Etes-vous viking (question du journaliste dans la salle de réunion du CR scientifique au chercheur anglais) ?

« Oui et non ou peut-être une réponse de normand ». Difficile à avaler pour les 89 hommes qui ont donné leur ADN et participé à l’étude menée par l’Université anglaise de Leicester, au final une quinzaine auraient des gènes viking certains. La génétique historique est toujours pleine d’ambiguïté mais quand même dans l’échantillon qu’on a il y a des marqueurs génétiques qu’on trouve plus souvent dans les pays scandinaves maintenant et ce seront peut-être des marqueurs que les vikings ont laissé dans la Normandie.

En fait, la seule indication incontestable qui ressort de l’étude concerne nos voisins bretons dont les gènes seraient étrangement très éloignés des nôtres : « il est frappant de constater à tel point ces deux duchés semblent être génétiquement différents ».

Le Cotentin génétique est donc clairement tourné vers le Nord :

Micro-trottoir du journaliste parmi les participants dans la salle de restitution des résultats de l’étude à Valognes :

« on se sent plus dans notre tête, je dirais, anglais, on se sent plus de ce côté là, tirés vers le Nord plus que vers la Bretagne ? »

« c’est clair, c’est sûr, ça c’est sûr. »

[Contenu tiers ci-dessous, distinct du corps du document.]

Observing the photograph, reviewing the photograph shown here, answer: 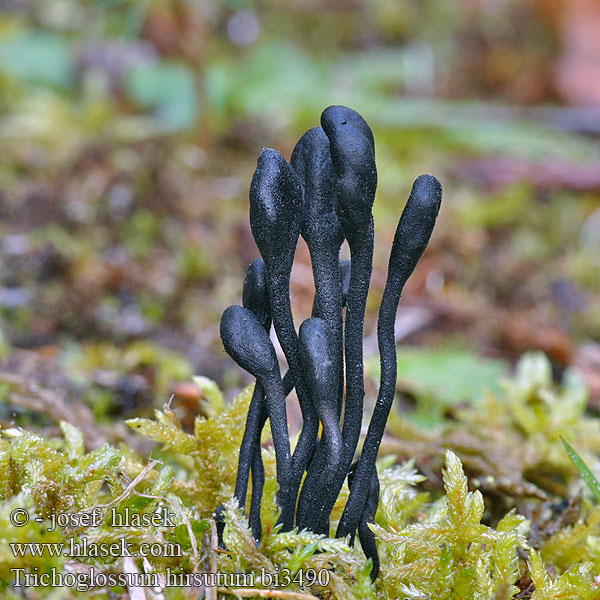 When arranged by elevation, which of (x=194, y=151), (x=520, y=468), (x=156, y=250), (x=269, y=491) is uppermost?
(x=194, y=151)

Un peu d’humour pour une étude qui avait fait polémique, l’utilisation des gènes étant particulièrement sensible en France :

Réponse de Julien Deshayes, historien présent à Valognes et concerné par cette étude qu’il appuyait « Richard, avec son sens de l’humour, a commencé par montrer justement les échantillons rapprochés de l’Afrique du Nord ou du Moyen-Orient, et donc par rapport à la polémique que vous connaissez je trouvais ça particulièrement drôle parce que ça montre justement ce que l’on dit depuis le début c’est qu’en aucun cas il ne s’agirait de définir je ne sais quelle « normanitude » absolue ou parfaite mais qu’au contraire on voit qu’on est issus de cet énorme brassage, de cette grande mixité et que c’est bien plus une école de la tolérance que de la ségrégation, quoi ! »


 

Commentaire de Florestan:

Précision à l'attention de Julien Deshayes, la "Normanditude" n'a rien à voir avec une quelconque origine génétique. C'est un état d'esprit propre aux Normands à cause de ce qu'ils vivent en Normandie, grâce à la Normandie.